[Records to process]
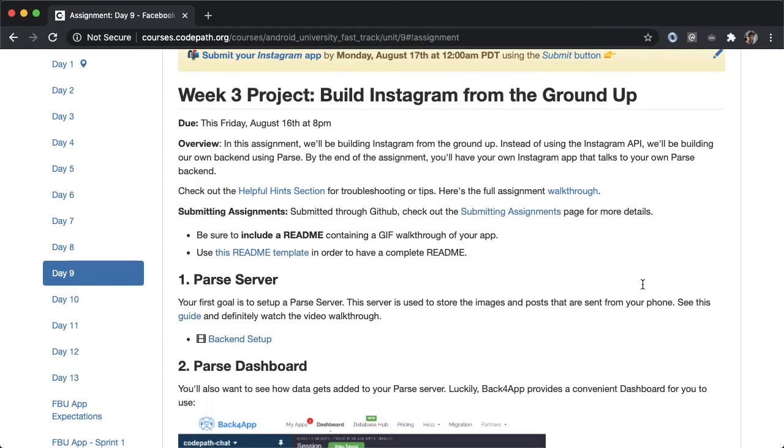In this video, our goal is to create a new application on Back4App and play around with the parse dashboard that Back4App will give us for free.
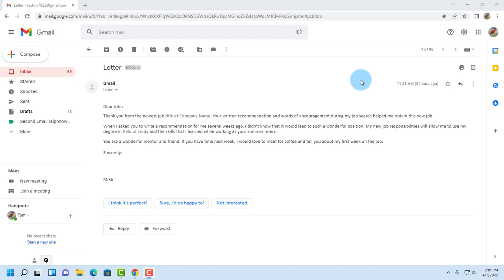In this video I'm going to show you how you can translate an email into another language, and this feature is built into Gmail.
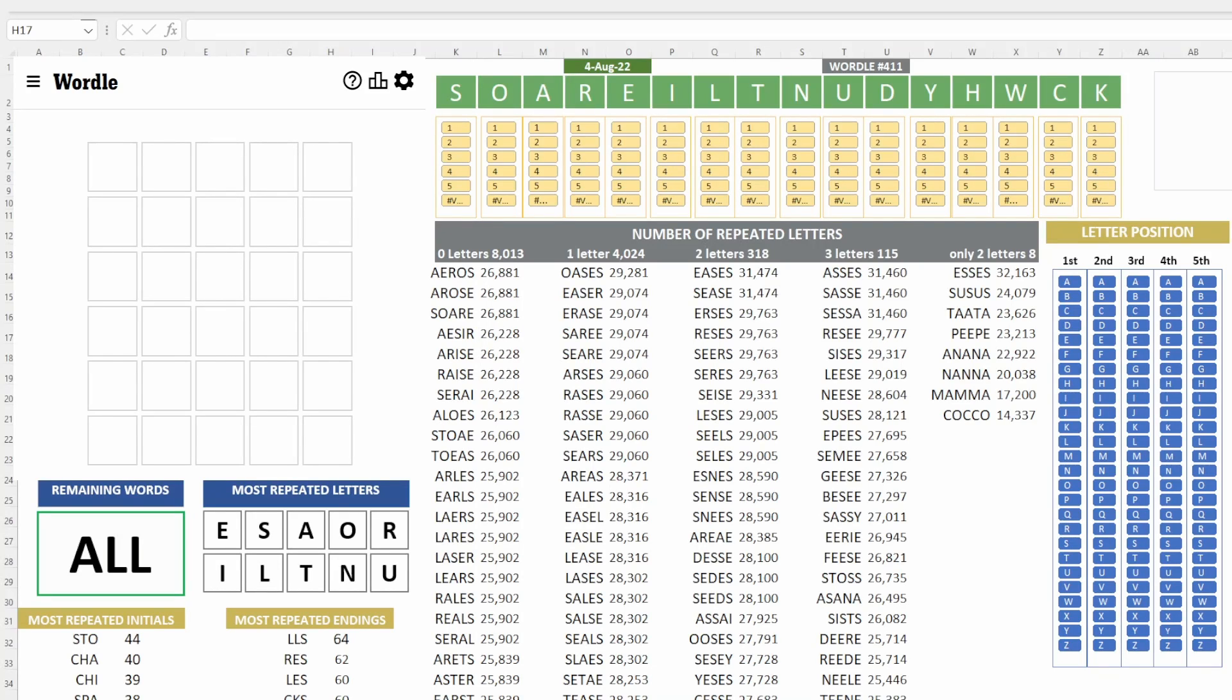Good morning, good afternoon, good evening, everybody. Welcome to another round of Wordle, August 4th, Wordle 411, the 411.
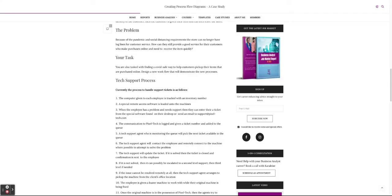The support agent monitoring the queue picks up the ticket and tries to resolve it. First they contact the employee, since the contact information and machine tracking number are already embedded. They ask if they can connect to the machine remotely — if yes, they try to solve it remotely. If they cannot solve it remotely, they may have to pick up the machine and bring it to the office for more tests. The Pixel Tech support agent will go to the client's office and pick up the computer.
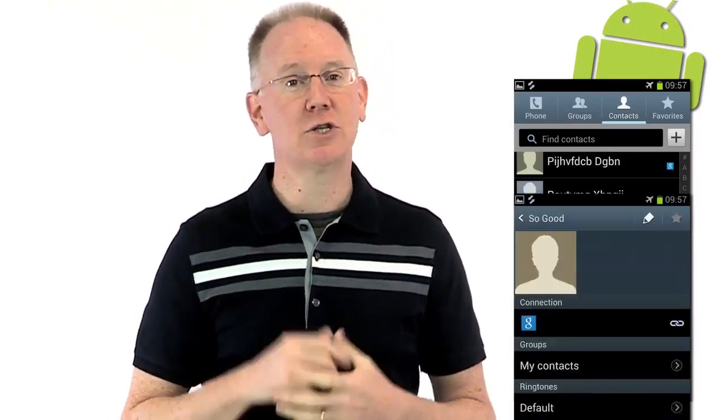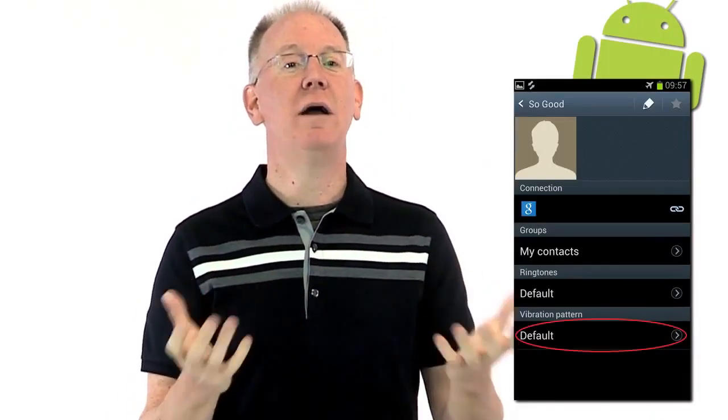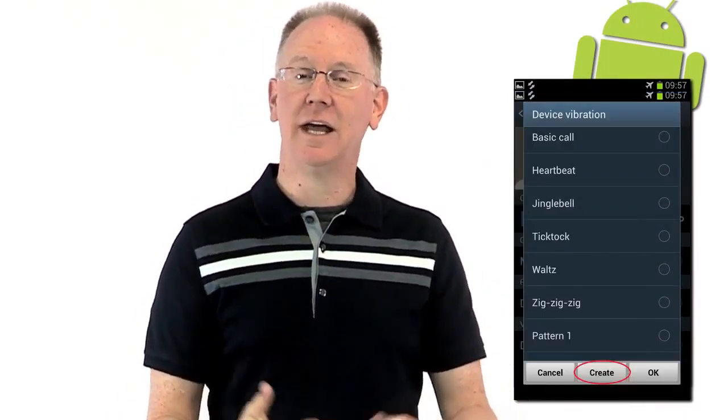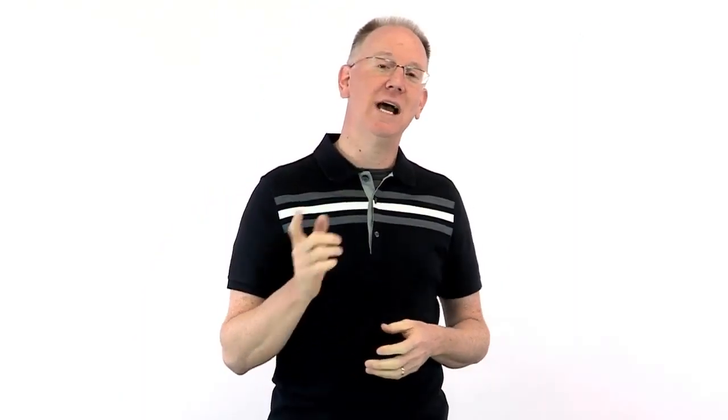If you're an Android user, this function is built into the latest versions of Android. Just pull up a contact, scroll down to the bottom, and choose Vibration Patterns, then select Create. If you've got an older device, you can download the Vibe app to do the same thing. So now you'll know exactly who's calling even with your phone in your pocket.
---
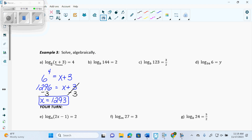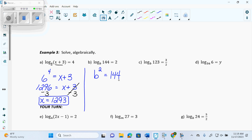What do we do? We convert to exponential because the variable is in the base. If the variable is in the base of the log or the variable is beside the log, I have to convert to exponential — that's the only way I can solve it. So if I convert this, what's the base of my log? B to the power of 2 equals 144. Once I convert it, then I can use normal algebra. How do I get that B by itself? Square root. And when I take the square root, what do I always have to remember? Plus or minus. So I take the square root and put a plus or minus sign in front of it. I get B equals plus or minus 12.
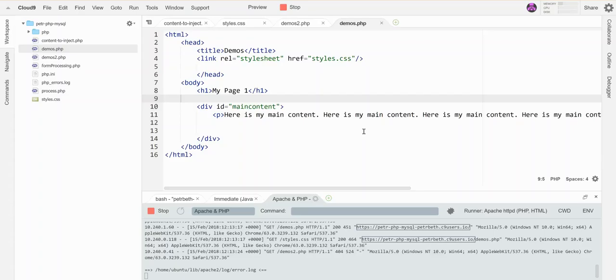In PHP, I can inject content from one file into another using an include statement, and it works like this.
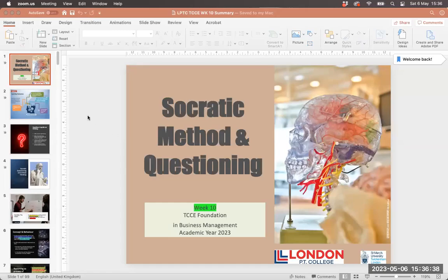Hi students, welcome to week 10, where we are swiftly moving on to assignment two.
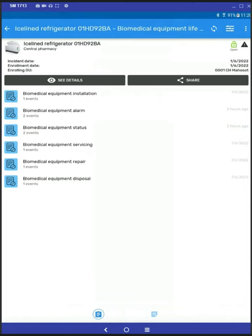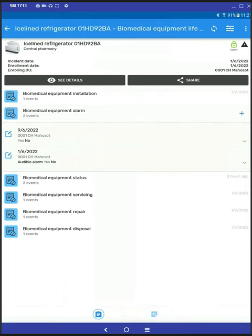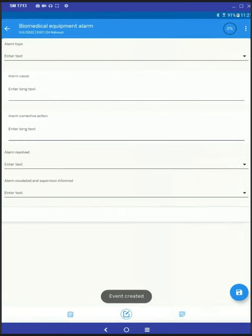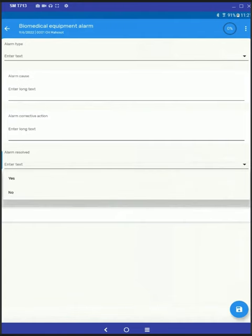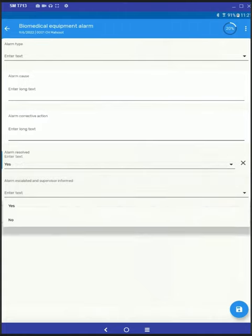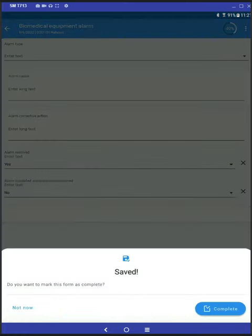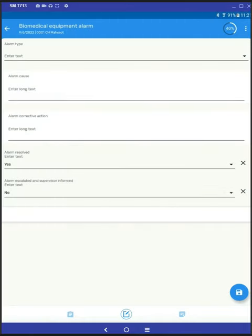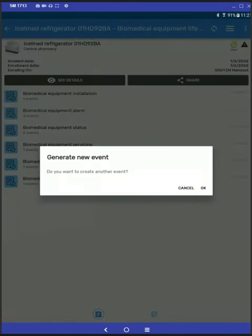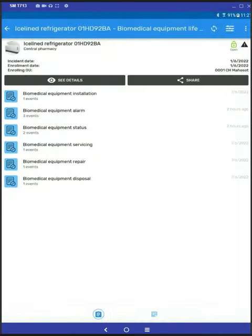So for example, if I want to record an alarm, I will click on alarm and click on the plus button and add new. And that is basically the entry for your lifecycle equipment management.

[What the task asks]
Reproduce the listing above only between the lines holding "Hi students, welcome" and "So for example, if", inclusive. Every line must match exactly, and pictures are dropped.

[Solution]
Hi students, welcome to week 10, where we are swiftly moving on to assignment two.
So for example, if I want to record an alarm, I will click on alarm and click on the plus button and add new. And that is basically the entry for your lifecycle equipment management.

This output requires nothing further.